Requirement: Below are the records; copy exactly the stretch from the line containing "tom ford black orchid 100ml parfum" through the line containing "File:Payton Ackerman 2.jpg", both ends included, and nothing else.

Data Block Start

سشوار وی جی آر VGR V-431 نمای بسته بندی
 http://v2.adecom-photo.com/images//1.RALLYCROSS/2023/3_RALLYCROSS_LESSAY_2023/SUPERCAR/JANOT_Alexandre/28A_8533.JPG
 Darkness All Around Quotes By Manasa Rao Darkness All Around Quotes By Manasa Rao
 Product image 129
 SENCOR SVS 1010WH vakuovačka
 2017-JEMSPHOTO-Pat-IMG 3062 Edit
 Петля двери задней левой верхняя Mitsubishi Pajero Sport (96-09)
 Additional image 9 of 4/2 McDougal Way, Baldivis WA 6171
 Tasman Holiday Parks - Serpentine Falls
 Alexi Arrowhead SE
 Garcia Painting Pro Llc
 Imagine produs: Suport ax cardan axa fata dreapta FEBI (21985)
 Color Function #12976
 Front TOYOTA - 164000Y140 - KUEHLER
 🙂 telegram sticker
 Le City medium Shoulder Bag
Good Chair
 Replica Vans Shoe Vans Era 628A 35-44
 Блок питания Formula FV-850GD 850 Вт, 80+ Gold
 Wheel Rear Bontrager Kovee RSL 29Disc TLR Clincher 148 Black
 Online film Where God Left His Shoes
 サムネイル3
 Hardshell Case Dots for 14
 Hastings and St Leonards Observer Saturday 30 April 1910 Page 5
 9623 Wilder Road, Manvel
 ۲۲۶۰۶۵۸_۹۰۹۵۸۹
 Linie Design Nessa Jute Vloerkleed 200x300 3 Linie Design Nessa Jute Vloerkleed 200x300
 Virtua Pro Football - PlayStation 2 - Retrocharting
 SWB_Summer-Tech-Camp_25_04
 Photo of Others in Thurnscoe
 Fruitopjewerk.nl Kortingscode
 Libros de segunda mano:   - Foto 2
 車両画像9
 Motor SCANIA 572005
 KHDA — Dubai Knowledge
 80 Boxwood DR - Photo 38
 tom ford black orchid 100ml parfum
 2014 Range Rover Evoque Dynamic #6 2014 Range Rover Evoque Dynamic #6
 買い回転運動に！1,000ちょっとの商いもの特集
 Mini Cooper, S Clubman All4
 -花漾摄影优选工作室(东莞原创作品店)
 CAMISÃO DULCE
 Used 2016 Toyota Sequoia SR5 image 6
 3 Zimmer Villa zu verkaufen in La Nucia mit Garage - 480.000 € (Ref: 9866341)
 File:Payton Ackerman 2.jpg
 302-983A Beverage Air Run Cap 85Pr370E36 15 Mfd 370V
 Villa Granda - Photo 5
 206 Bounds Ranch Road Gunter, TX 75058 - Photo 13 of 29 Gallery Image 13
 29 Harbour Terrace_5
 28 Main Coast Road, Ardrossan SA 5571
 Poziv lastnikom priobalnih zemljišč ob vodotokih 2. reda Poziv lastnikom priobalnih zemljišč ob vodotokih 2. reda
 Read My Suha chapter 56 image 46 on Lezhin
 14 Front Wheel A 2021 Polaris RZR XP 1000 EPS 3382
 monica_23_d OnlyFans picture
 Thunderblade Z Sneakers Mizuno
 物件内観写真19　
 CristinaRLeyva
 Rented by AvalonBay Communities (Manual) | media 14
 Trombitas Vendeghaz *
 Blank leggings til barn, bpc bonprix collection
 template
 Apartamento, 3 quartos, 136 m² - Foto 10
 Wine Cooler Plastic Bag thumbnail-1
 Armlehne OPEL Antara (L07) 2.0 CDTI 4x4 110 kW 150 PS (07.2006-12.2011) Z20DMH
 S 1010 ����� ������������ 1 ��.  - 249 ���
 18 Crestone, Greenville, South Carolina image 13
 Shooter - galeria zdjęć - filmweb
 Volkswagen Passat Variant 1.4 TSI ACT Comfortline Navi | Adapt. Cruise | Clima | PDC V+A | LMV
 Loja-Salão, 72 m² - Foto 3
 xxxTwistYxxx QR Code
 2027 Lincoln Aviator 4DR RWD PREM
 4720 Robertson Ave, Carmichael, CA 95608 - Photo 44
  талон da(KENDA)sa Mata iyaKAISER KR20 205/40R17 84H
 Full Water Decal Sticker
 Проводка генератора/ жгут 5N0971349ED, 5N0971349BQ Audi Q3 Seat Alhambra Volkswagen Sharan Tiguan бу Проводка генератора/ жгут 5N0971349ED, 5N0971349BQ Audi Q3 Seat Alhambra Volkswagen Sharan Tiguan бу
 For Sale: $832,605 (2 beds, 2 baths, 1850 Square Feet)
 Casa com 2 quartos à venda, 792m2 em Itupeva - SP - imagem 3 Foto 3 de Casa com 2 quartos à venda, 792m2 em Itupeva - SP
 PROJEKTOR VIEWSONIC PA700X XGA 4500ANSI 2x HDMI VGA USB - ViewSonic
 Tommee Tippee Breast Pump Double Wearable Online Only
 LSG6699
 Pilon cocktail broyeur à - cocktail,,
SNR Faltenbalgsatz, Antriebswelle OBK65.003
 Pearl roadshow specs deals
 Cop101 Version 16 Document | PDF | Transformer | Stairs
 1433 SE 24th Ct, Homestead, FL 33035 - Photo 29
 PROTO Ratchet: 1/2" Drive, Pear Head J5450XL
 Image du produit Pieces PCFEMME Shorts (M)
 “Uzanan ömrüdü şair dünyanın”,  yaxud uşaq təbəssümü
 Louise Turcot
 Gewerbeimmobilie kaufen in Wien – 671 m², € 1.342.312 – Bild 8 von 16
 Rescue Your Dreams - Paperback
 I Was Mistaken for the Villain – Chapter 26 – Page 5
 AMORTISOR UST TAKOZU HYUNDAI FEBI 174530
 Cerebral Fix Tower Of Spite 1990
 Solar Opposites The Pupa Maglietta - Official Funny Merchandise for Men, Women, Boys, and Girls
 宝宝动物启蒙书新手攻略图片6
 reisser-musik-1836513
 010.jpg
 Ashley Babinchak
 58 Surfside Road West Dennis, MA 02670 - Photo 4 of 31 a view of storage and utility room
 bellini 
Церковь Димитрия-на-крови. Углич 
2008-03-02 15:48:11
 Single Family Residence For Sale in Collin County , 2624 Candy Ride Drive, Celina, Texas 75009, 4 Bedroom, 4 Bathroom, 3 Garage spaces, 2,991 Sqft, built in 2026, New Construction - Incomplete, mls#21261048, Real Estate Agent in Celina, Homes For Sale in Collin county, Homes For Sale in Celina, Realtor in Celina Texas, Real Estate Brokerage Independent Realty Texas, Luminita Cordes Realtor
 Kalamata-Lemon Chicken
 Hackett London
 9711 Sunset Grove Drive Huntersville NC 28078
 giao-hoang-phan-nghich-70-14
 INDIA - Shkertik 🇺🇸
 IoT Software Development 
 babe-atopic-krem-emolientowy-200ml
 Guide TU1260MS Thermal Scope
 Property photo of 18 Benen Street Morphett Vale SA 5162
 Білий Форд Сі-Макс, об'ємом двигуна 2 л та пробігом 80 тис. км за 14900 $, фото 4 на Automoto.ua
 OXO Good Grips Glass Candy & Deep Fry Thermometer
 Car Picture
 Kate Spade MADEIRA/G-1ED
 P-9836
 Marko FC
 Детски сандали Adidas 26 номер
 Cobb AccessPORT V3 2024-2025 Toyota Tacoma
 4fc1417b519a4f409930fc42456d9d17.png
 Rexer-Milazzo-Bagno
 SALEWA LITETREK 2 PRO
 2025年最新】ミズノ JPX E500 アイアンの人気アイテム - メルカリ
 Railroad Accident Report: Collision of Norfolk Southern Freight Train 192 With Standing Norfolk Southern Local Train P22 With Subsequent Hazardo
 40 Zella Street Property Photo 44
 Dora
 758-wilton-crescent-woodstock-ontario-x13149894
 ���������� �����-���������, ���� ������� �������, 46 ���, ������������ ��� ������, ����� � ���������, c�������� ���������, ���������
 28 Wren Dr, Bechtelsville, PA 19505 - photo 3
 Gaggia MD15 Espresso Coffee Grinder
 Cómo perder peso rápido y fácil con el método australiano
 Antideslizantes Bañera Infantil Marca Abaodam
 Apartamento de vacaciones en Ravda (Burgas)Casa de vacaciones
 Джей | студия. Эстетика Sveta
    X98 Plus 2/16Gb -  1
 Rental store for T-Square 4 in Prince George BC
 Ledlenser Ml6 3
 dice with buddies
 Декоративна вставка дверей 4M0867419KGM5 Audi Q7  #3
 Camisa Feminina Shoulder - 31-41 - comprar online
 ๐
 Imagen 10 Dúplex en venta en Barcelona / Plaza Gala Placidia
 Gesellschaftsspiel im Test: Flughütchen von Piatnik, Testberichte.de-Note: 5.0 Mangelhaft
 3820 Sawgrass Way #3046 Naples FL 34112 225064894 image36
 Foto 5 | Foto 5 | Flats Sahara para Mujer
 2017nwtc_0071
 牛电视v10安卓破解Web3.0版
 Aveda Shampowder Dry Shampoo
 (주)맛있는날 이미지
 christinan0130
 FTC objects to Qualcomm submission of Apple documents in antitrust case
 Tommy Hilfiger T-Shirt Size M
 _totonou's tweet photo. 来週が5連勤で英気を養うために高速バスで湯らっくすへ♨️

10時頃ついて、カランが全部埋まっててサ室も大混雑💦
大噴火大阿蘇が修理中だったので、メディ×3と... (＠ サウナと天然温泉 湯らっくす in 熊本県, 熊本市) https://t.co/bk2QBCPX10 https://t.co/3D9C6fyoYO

Data Block End

Expected answer:
 tom ford black orchid 100ml parfum
 2014 Range Rover Evoque Dynamic #6 2014 Range Rover Evoque Dynamic #6
 買い回転運動に！1,000ちょっとの商いもの特集
 Mini Cooper, S Clubman All4
 -花漾摄影优选工作室(东莞原创作品店)
 CAMISÃO DULCE
 Used 2016 Toyota Sequoia SR5 image 6
 3 Zimmer Villa zu verkaufen in La Nucia mit Garage - 480.000 € (Ref: 9866341)
 File:Payton Ackerman 2.jpg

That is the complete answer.